Victory for mums after five-year This is Money child benefit campaign

Victory for mums after five-year This is Money campaign! Government FINALLY agrees to fix child benefit fiasco denying parents valuable state pension credits

Victory: We have campaigned for change

Mums are to be handed valuable state pension credits in a massive government climbdown, after years of shunning a This is Money campaign on behalf of families.

Innocent child benefit errors mean many parents stood to lose tens of thousands of pounds in old age, but until now their pleas were ignored.

The Treasury announced today that it plans to address the fact parents who have not claimed child benefit could miss out on building their state pension.

Victoria Atkins, Financial Secretary to the Treasury, said: ‘Those affected will in future be able to claim National Insurance credit retrospectively as ministers move to tackle this issue.

‘The Government wants to ensure that parents who have not claimed child benefit are not disadvantaged when they start claiming their state pension and is announcing a resolution for affected parents.

‘Parents do not need to take any action immediately. The Government intends to legislate to allow eligible individuals to retrospectively claim National Insurance credit, and the next steps to be taken will be published in due course.’

Former Pensions Minister Steve Webb, who has lobbied in partnership with This is Money since we launched our campaign in 2018, said today’s announcement was extremely welcome.

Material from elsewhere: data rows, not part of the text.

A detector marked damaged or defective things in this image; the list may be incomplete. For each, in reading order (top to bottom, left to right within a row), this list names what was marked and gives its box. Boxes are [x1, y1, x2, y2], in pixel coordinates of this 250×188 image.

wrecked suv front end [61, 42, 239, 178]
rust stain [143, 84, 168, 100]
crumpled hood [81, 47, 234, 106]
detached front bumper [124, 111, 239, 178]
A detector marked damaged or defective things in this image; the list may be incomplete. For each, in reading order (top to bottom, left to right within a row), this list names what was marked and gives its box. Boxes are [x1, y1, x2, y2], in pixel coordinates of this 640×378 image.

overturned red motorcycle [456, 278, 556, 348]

‘Whilst it is understandable that some parents may choose not to claim child benefit payments, it is vital that parents do not damage their state pension as a result.

‘Until now the problem has been that there was a three-month time limit on backdating of child benefit claims, meaning that the damage would be permanent.’

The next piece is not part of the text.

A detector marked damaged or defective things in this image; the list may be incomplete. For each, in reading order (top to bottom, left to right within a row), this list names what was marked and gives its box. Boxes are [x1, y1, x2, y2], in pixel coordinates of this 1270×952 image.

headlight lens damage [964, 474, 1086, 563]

‘I am delighted that the Government has finally listened to campaigners and plans to make changes which will boost the state pension of thousands of parents, and particularly many mothers who might otherwise have missed out.’

Webb, who is a partner at LCP, launched a high profile petition in 2018 demanding full-backdating of mums’ pension credits. 

But the Government rejected his call, arguing that it is too hard to verify child benefit claims older than three months.

Meanwhile, the Government’s in-house tax gurus, the Office of Tax Simplification, said in a report issued four years ago that it was ‘unreasonable’ for parents to lose state pension over child benefit errors they can’t later correct. 

However, no action was taken in response.

This is Money campaigned for mums for five years

Thousands of parents faced a poorer retirement for failing to fill in a form within three months of having a baby, before today’s surprise u-turn by the Government. 

Many parents don’t realise mistakes in the hectic weeks after children are born can end up costing them tens of thousands of pounds in old age.

When mums contacted us we highlighted the scandal, and launched a campaign urging the Government to fully backdate their state pension credits.

Our pensions columnist Steve Webb spearheaded the campaign with us, and many people wrote about the issue on our pages, including former Pensions Minister Ros Altmann and ex-MP and Treasury committee chairman Nicky Morgan.

The number of families claiming child benefit has slumped since a controversial overhaul in 2013.

But this also blasted a hole in many women’s future state pensions due to the crucial but little known link between the two payments. 

Up until now, parents faced being tens of thousands of pounds worse off in retirement by failing to claim child benefit because they aren’t entitled to receive the payments. 

When parents belatedly realised this would hit their state pension and signed up, they were allowed to backdate credits for three months but lost their right to the rest for good. 

Parents could submit a claim for child benefit but tick a box to opt out of receiving payments, and only get state pension credits. 

However, many families have assumed they should not make a claim since they do not qualify to receive the money.